Susannah Ticciati …. Professor of Christian Theology at King’s College London. She is author of Reading Augustine: On Signs, Christ, Truth and the Interpretation of Scripture (2022), A New Apophaticism: Augustine and the Redemption of Signs (2013), and Job and the Disruption of Identity: Reading beyond Barth (2005).

Denys Turner, formerly Horace Tracy Pitkin Professor at Yale University and Norris-Hulse Professor at Cambridge University, is now …. retired …. The Darkness of God, Julian of Norwich, Theologian, Thomas Aquinas, a Portrait, being among them, and forthcoming with Cambridge, Dante the Theologian….

Andre C. Willis …. Associate Professor of Religious Studies at Brown University…. He is the author of Towards a Humean True Religion (2015) and is currently working on a manuscript about African American religion and politics that is tentatively titled Afro-theisms and Post-democracy. He has published …. Hume Studies, Journal of Scottish Philosophy, Political Theology, Critical Philosophy of Race, and Radical America.

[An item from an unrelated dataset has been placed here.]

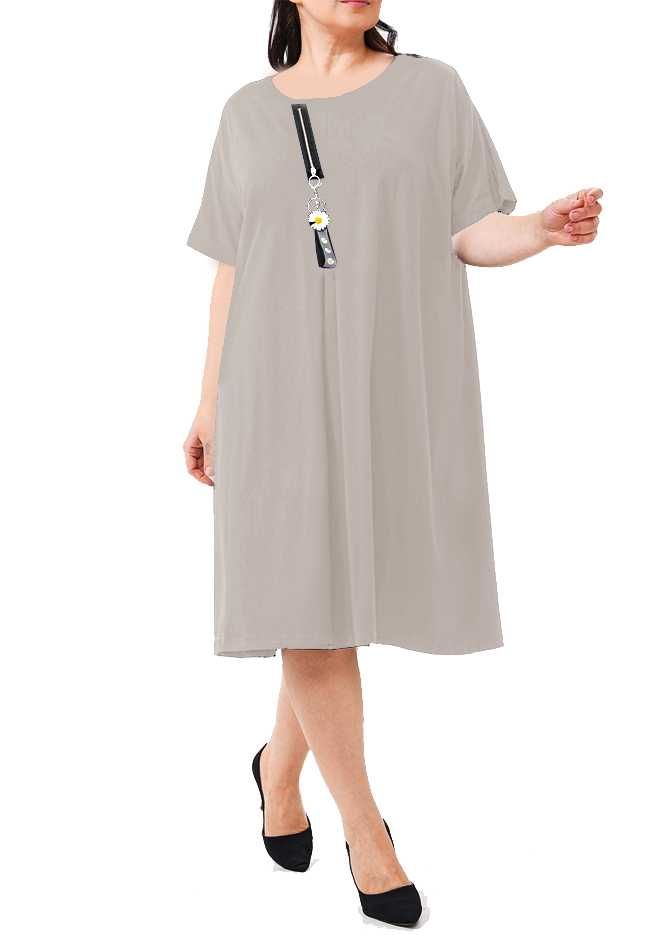 Modna wygodna luźna sukienka plus size 4xl 5xl 50/52/54 bordo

One example of the departure from simplistic “God! Alive or Dead? True or False?” style of argument is Devin Singh’s chapter, “Atheism and Politics: Abandonment, Absence, and the Empty Throne”. Singh’s analysis of the meaning of the ascension of Christ, or the departure of Jesus from those who remain on earth, at times reminded me of one particular interpretation of the earliest of the canonical gospels, the Gospel of Mark, that reads it as a message for Christians who are living in a time of abandonment, in the absence of their Saviour. But Singh’s interpretation of the core of Christian theology goes one step further than that by insisting that the absence of Christ lies at the very “heart of Christian thought”. Attempts to create the sense of Christ’s presence are illusions: talk of ineffable glory, for example, masks the reality of absence, as does talk of the presence of the Holy Spirit. Such concepts are coping mechanisms for the reality that Jesus is not with us. What follows from such a theological viewpoint is the idea that Christ’s representatives on earth have a responsibility to rule or influence rulers on His behalf pending His return. But why the delay — a delay that allows for all kinds of evil while waiting for the “good and just” God to intervene? Enter “protest atheism”.

“Protest atheism” takes the Christian claims about a good and just God on their own terms and turns them against the church. But Singh speaks of an “ascension atheism” by way of contrast:

. . . protest atheism reveals the true kernel for Christian theology after ascension. It is a theology that must assert and embrace the absent and missing Christ, and as such accepts its theological operation as an empty, broken fragment of a lost dream. In this sense it does not remain as protest, for it recognizes that the protest emerges from an expectation of arrival, a desire for manifestation. Protest atheism, on the one hand, believes too faithfully in the hiddenness of the righteous king, and shakes its fist at the absent God who refuses to appear, particularly among the poor and excluded.

Ascension atheism, on the other hand, moves past this righteous, justified, and understandable protest to a form of contrite acceptance. Facing the trauma of abandonment, it acknowledges the absurdity of the denial and cover up that is the very history of Christian theology and ecclesial tradition. . . . .

. . . ascension atheism suggests that there is no sovereign at all. (p. 146)

Furey summarizes Singh’s conclusion as denying the difference between atheism and theism,

focusing instead on the political implications of [Jesus’] tarrying: rather than hailing Christ as king of kings, Christians must realize that “all kings are dead and gone and that we have kept their myths alive too long.”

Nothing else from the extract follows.